A complete, exact copy of the records is needed here.

___ INPUT MATERIAL

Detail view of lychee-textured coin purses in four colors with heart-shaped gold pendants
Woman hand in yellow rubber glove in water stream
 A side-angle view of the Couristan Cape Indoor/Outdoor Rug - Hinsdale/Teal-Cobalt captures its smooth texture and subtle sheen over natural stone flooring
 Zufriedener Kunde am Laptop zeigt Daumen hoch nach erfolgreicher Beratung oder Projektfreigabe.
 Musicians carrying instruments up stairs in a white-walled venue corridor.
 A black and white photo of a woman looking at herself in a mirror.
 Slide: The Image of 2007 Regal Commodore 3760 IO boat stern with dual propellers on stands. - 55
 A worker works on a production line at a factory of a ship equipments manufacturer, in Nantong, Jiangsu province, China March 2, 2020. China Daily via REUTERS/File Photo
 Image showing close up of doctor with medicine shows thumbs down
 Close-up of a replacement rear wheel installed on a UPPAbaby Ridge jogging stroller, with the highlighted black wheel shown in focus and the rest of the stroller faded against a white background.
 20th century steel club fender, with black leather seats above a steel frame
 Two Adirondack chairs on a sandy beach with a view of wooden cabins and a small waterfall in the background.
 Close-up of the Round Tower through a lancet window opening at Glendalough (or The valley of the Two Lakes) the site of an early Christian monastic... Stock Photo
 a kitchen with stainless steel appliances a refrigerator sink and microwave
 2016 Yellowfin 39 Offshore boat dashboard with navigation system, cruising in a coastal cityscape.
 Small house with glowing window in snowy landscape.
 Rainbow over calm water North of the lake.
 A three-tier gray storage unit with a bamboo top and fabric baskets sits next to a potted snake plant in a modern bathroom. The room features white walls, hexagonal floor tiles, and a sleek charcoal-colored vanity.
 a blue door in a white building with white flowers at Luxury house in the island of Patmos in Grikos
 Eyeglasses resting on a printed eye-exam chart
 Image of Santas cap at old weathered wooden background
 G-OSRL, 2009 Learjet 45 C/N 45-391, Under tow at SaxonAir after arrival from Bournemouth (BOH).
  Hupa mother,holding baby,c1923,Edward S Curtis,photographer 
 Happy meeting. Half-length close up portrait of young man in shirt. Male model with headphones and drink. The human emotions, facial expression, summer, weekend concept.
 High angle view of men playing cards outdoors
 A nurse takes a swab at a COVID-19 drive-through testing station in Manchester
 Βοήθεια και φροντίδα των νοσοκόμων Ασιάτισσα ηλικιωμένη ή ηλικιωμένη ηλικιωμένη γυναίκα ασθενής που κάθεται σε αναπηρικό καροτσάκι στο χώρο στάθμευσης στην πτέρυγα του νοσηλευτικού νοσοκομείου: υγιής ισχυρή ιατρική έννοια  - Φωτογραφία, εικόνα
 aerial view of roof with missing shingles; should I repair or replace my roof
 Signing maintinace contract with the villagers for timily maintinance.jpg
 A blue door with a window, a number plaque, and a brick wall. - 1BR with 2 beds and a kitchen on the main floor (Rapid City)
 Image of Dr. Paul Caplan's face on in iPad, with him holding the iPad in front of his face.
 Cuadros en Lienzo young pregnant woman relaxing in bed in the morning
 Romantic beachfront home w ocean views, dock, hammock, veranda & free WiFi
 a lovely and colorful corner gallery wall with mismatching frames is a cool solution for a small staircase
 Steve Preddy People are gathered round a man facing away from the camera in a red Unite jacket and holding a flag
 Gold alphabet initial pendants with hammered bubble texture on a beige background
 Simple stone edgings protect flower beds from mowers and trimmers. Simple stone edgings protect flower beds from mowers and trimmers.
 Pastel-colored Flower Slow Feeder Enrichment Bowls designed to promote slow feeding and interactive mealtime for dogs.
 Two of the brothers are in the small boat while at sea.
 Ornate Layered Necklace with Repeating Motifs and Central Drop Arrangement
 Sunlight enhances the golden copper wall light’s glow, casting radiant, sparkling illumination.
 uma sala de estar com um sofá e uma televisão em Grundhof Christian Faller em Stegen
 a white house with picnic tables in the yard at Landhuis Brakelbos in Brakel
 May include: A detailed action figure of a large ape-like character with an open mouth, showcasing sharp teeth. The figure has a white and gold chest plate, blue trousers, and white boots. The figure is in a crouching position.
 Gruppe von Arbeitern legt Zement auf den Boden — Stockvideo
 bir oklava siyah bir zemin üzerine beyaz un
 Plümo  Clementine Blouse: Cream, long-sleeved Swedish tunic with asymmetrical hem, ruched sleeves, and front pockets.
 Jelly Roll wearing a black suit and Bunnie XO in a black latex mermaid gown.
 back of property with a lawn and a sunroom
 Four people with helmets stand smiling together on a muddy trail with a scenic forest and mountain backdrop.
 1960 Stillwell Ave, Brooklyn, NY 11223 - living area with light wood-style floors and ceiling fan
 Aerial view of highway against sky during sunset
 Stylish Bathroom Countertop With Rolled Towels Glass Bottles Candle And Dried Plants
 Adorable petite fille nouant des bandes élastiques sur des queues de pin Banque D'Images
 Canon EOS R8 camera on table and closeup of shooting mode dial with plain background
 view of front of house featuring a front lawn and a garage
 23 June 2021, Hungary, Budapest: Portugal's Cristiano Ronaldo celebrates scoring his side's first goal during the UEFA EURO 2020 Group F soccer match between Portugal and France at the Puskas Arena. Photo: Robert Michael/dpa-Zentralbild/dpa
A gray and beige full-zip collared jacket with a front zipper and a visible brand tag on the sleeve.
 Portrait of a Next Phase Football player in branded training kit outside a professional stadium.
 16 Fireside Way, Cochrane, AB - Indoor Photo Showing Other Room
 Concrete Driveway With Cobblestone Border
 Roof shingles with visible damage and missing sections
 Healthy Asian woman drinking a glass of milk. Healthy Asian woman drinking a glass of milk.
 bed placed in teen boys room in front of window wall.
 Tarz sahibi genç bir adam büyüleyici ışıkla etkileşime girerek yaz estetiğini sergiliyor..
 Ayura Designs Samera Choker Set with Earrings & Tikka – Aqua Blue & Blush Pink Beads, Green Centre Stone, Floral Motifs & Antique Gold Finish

______

**SOLUTION BELOW**
Detail view of lychee-textured coin purses in four colors with heart-shaped gold pendants
Woman hand in yellow rubber glove in water stream
 A side-angle view of the Couristan Cape Indoor/Outdoor Rug - Hinsdale/Teal-Cobalt captures its smooth texture and subtle sheen over natural stone flooring
 Zufriedener Kunde am Laptop zeigt Daumen hoch nach erfolgreicher Beratung oder Projektfreigabe.
 Musicians carrying instruments up stairs in a white-walled venue corridor.
 A black and white photo of a woman looking at herself in a mirror.
 Slide: The Image of 2007 Regal Commodore 3760 IO boat stern with dual propellers on stands. - 55
 A worker works on a production line at a factory of a ship equipments manufacturer, in Nantong, Jiangsu province, China March 2, 2020. China Daily via REUTERS/File Photo
 Image showing close up of doctor with medicine shows thumbs down
 Close-up of a replacement rear wheel installed on a UPPAbaby Ridge jogging stroller, with the highlighted black wheel shown in focus and the rest of the stroller faded against a white background.
 20th century steel club fender, with black leather seats above a steel frame
 Two Adirondack chairs on a sandy beach with a view of wooden cabins and a small waterfall in the background.
 Close-up of the Round Tower through a lancet window opening at Glendalough (or The valley of the Two Lakes) the site of an early Christian monastic... Stock Photo
 a kitchen with stainless steel appliances a refrigerator sink and microwave
 2016 Yellowfin 39 Offshore boat dashboard with navigation system, cruising in a coastal cityscape.
 Small house with glowing window in snowy landscape.
 Rainbow over calm water North of the lake.
 A three-tier gray storage unit with a bamboo top and fabric baskets sits next to a potted snake plant in a modern bathroom. The room features white walls, hexagonal floor tiles, and a sleek charcoal-colored vanity.
 a blue door in a white building with white flowers at Luxury house in the island of Patmos in Grikos
 Eyeglasses resting on a printed eye-exam chart
 Image of Santas cap at old weathered wooden background
 G-OSRL, 2009 Learjet 45 C/N 45-391, Under tow at SaxonAir after arrival from Bournemouth (BOH).
  Hupa mother,holding baby,c1923,Edward S Curtis,photographer 
 Happy meeting. Half-length close up portrait of young man in shirt. Male model with headphones and drink. The human emotions, facial expression, summer, weekend concept.
 High angle view of men playing cards outdoors
 A nurse takes a swab at a COVID-19 drive-through testing station in Manchester
 Βοήθεια και φροντίδα των νοσοκόμων Ασιάτισσα ηλικιωμένη ή ηλικιωμένη ηλικιωμένη γυναίκα ασθενής που κάθεται σε αναπηρικό καροτσάκι στο χώρο στάθμευσης στην πτέρυγα του νοσηλευτικού νοσοκομείου: υγιής ισχυρή ιατρική έννοια  - Φωτογραφία, εικόνα
 aerial view of roof with missing shingles; should I repair or replace my roof
 Signing maintinace contract with the villagers for timily maintinance.jpg
 A blue door with a window, a number plaque, and a brick wall. - 1BR with 2 beds and a kitchen on the main floor (Rapid City)
 Image of Dr. Paul Caplan's face on in iPad, with him holding the iPad in front of his face.
 Cuadros en Lienzo young pregnant woman relaxing in bed in the morning
 Romantic beachfront home w ocean views, dock, hammock, veranda & free WiFi
 a lovely and colorful corner gallery wall with mismatching frames is a cool solution for a small staircase
 Steve Preddy People are gathered round a man facing away from the camera in a red Unite jacket and holding a flag
 Gold alphabet initial pendants with hammered bubble texture on a beige background
 Simple stone edgings protect flower beds from mowers and trimmers. Simple stone edgings protect flower beds from mowers and trimmers.
 Pastel-colored Flower Slow Feeder Enrichment Bowls designed to promote slow feeding and interactive mealtime for dogs.
 Two of the brothers are in the small boat while at sea.
 Ornate Layered Necklace with Repeating Motifs and Central Drop Arrangement
 Sunlight enhances the golden copper wall light’s glow, casting radiant, sparkling illumination.
 uma sala de estar com um sofá e uma televisão em Grundhof Christian Faller em Stegen
 a white house with picnic tables in the yard at Landhuis Brakelbos in Brakel
 May include: A detailed action figure of a large ape-like character with an open mouth, showcasing sharp teeth. The figure has a white and gold chest plate, blue trousers, and white boots. The figure is in a crouching position.
 Gruppe von Arbeitern legt Zement auf den Boden — Stockvideo
 bir oklava siyah bir zemin üzerine beyaz un
 Plümo  Clementine Blouse: Cream, long-sleeved Swedish tunic with asymmetrical hem, ruched sleeves, and front pockets.
 Jelly Roll wearing a black suit and Bunnie XO in a black latex mermaid gown.
 back of property with a lawn and a sunroom
 Four people with helmets stand smiling together on a muddy trail with a scenic forest and mountain backdrop.
 1960 Stillwell Ave, Brooklyn, NY 11223 - living area with light wood-style floors and ceiling fan
 Aerial view of highway against sky during sunset
 Stylish Bathroom Countertop With Rolled Towels Glass Bottles Candle And Dried Plants
 Adorable petite fille nouant des bandes élastiques sur des queues de pin Banque D'Images
 Canon EOS R8 camera on table and closeup of shooting mode dial with plain background
 view of front of house featuring a front lawn and a garage
 23 June 2021, Hungary, Budapest: Portugal's Cristiano Ronaldo celebrates scoring his side's first goal during the UEFA EURO 2020 Group F soccer match between Portugal and France at the Puskas Arena. Photo: Robert Michael/dpa-Zentralbild/dpa
A gray and beige full-zip collared jacket with a front zipper and a visible brand tag on the sleeve.
 Portrait of a Next Phase Football player in branded training kit outside a professional stadium.
 16 Fireside Way, Cochrane, AB - Indoor Photo Showing Other Room
 Concrete Driveway With Cobblestone Border
 Roof shingles with visible damage and missing sections
 Healthy Asian woman drinking a glass of milk. Healthy Asian woman drinking a glass of milk.
 bed placed in teen boys room in front of window wall.
 Tarz sahibi genç bir adam büyüleyici ışıkla etkileşime girerek yaz estetiğini sergiliyor..
 Ayura Designs Samera Choker Set with Earrings & Tikka – Aqua Blue & Blush Pink Beads, Green Centre Stone, Floral Motifs & Antique Gold Finish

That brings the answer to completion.